*** Opening Records to use ***

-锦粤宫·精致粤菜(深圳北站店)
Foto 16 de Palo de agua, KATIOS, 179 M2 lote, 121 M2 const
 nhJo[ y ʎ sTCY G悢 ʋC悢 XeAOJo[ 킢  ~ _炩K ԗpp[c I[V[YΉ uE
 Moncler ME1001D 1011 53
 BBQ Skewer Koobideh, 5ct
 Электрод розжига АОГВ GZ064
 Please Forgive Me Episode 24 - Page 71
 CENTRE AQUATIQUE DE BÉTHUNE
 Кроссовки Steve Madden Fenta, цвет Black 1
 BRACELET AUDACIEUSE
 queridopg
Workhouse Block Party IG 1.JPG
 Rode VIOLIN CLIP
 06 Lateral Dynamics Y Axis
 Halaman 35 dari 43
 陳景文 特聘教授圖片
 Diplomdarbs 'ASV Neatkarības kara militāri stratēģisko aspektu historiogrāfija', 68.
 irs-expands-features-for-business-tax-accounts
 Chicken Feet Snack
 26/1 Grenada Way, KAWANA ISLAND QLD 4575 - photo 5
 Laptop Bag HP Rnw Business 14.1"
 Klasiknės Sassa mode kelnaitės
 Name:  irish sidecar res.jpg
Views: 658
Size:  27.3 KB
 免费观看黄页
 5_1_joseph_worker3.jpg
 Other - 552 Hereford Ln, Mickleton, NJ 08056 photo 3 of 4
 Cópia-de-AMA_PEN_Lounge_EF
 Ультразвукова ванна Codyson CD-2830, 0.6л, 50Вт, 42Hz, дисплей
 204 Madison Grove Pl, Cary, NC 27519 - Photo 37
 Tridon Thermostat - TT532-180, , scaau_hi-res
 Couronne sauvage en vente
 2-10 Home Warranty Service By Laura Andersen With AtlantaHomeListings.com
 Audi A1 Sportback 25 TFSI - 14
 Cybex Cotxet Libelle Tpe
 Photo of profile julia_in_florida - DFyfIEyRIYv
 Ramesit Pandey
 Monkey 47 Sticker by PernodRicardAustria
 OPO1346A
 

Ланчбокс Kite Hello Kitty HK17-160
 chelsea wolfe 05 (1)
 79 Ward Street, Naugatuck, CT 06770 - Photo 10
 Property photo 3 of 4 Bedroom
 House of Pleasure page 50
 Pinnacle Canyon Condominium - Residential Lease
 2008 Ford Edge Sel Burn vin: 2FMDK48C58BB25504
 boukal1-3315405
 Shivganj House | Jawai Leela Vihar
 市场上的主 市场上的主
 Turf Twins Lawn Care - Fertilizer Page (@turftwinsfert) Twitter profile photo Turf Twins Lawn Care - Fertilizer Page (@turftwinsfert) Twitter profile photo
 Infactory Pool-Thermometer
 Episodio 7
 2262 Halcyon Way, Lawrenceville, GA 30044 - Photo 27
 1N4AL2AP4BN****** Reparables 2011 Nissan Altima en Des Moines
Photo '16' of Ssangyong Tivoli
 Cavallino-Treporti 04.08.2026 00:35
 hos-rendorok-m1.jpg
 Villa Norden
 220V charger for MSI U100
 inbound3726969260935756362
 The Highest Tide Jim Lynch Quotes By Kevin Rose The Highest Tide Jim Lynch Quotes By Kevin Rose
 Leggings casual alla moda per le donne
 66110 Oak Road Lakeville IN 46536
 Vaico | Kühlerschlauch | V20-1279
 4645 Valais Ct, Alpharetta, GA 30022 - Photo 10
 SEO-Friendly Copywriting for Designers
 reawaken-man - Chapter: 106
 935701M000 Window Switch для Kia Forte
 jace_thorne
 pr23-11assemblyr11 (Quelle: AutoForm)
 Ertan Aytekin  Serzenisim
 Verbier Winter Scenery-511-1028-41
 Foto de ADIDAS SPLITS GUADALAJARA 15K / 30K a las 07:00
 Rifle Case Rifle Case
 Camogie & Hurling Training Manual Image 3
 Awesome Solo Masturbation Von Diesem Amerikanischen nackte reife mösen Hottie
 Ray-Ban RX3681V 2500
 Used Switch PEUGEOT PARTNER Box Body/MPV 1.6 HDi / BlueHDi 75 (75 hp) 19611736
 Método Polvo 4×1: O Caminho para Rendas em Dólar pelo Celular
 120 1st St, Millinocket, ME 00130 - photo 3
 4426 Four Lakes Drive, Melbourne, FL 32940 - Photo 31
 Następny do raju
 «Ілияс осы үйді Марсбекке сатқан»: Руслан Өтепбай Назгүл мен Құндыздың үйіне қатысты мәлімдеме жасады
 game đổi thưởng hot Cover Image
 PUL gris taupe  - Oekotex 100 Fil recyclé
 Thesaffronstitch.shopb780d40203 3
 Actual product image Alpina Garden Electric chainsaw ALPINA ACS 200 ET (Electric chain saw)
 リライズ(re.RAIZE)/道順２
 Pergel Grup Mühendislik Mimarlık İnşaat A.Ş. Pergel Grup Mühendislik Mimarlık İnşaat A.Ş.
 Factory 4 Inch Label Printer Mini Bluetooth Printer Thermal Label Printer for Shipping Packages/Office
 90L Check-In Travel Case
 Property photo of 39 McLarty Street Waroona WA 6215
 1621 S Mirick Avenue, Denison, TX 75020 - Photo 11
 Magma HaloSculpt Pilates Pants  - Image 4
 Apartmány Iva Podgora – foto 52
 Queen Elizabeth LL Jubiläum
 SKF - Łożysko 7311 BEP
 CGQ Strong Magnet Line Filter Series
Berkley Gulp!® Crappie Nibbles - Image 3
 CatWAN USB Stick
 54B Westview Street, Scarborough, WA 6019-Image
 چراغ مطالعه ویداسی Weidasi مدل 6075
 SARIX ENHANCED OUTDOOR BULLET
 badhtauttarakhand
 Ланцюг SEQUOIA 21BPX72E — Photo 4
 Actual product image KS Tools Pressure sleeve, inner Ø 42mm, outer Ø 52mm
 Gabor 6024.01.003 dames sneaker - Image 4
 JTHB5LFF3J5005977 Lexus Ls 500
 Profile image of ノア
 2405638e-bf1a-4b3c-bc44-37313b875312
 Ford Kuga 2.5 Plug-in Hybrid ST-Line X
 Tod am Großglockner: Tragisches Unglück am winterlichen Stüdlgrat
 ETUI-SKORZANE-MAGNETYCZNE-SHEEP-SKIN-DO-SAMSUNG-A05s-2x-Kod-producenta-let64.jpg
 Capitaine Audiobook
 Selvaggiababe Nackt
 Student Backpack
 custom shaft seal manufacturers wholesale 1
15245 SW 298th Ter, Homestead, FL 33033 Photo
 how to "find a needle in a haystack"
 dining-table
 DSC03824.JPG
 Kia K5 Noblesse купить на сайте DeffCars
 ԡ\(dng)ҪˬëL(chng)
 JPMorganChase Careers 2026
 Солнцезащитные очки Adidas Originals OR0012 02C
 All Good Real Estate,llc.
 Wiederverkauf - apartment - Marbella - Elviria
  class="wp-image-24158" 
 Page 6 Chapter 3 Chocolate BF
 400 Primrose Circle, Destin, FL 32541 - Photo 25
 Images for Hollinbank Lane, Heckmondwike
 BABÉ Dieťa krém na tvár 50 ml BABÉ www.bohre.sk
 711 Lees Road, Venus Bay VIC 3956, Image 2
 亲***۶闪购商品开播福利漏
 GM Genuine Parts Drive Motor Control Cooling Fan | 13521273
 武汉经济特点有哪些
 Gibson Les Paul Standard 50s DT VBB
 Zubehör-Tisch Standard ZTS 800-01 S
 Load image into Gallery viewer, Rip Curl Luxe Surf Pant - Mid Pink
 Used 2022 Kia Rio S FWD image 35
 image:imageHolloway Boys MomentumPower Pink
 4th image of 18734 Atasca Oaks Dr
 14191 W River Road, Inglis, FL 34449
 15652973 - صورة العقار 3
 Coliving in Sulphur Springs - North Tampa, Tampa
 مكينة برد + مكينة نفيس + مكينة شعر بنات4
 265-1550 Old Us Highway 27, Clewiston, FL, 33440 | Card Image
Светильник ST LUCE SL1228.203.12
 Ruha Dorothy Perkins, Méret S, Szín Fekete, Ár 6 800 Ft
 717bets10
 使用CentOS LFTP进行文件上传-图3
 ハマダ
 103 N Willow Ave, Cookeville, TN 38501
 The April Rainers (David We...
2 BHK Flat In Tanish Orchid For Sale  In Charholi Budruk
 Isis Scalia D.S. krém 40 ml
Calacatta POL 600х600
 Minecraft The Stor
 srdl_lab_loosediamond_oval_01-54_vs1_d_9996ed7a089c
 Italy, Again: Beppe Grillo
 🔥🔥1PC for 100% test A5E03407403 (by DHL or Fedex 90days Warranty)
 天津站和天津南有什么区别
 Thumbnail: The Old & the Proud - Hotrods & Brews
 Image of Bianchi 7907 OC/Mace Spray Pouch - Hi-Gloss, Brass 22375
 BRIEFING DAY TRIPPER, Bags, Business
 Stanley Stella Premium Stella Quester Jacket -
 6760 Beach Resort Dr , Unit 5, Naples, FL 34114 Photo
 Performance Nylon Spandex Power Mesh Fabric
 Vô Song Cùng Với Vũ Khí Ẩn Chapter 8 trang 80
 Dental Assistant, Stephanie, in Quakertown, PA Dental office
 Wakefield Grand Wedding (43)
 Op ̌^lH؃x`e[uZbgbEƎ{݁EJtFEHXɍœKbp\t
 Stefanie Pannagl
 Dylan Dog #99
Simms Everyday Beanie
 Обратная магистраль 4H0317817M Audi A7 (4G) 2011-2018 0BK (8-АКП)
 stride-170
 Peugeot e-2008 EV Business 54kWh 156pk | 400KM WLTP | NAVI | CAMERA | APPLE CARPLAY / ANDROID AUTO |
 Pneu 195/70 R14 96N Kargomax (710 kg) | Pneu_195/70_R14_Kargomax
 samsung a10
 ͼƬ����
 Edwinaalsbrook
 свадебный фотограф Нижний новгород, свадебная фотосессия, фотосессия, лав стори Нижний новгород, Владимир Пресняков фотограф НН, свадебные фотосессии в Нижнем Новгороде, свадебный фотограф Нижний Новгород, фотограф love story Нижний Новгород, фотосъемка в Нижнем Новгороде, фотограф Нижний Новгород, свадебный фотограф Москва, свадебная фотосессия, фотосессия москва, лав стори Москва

*** Closing Records to use ***

Your objective:
Print exactly the lines above, between the one holding "Thesaffronstitch.shopb780d40203 3" and the one holding "Kia K5 Noblesse купить на сайте DeffCars", inclusive, and nothing besides.

Exercise output:
 Thesaffronstitch.shopb780d40203 3
 Actual product image Alpina Garden Electric chainsaw ALPINA ACS 200 ET (Electric chain saw)
 リライズ(re.RAIZE)/道順２
 Pergel Grup Mühendislik Mimarlık İnşaat A.Ş. Pergel Grup Mühendislik Mimarlık İnşaat A.Ş.
 Factory 4 Inch Label Printer Mini Bluetooth Printer Thermal Label Printer for Shipping Packages/Office
 90L Check-In Travel Case
 Property photo of 39 McLarty Street Waroona WA 6215
 1621 S Mirick Avenue, Denison, TX 75020 - Photo 11
 Magma HaloSculpt Pilates Pants  - Image 4
 Apartmány Iva Podgora – foto 52
 Queen Elizabeth LL Jubiläum
 SKF - Łożysko 7311 BEP
 CGQ Strong Magnet Line Filter Series
Berkley Gulp!® Crappie Nibbles - Image 3
 CatWAN USB Stick
 54B Westview Street, Scarborough, WA 6019-Image
 چراغ مطالعه ویداسی Weidasi مدل 6075
 SARIX ENHANCED OUTDOOR BULLET
 badhtauttarakhand
 Ланцюг SEQUOIA 21BPX72E — Photo 4
 Actual product image KS Tools Pressure sleeve, inner Ø 42mm, outer Ø 52mm
 Gabor 6024.01.003 dames sneaker - Image 4
 JTHB5LFF3J5005977 Lexus Ls 500
 Profile image of ノア
 2405638e-bf1a-4b3c-bc44-37313b875312
 Ford Kuga 2.5 Plug-in Hybrid ST-Line X
 Tod am Großglockner: Tragisches Unglück am winterlichen Stüdlgrat
 ETUI-SKORZANE-MAGNETYCZNE-SHEEP-SKIN-DO-SAMSUNG-A05s-2x-Kod-producenta-let64.jpg
 Capitaine Audiobook
 Selvaggiababe Nackt
 Student Backpack
 custom shaft seal manufacturers wholesale 1
15245 SW 298th Ter, Homestead, FL 33033 Photo
 how to "find a needle in a haystack"
 dining-table
 DSC03824.JPG
 Kia K5 Noblesse купить на сайте DeffCars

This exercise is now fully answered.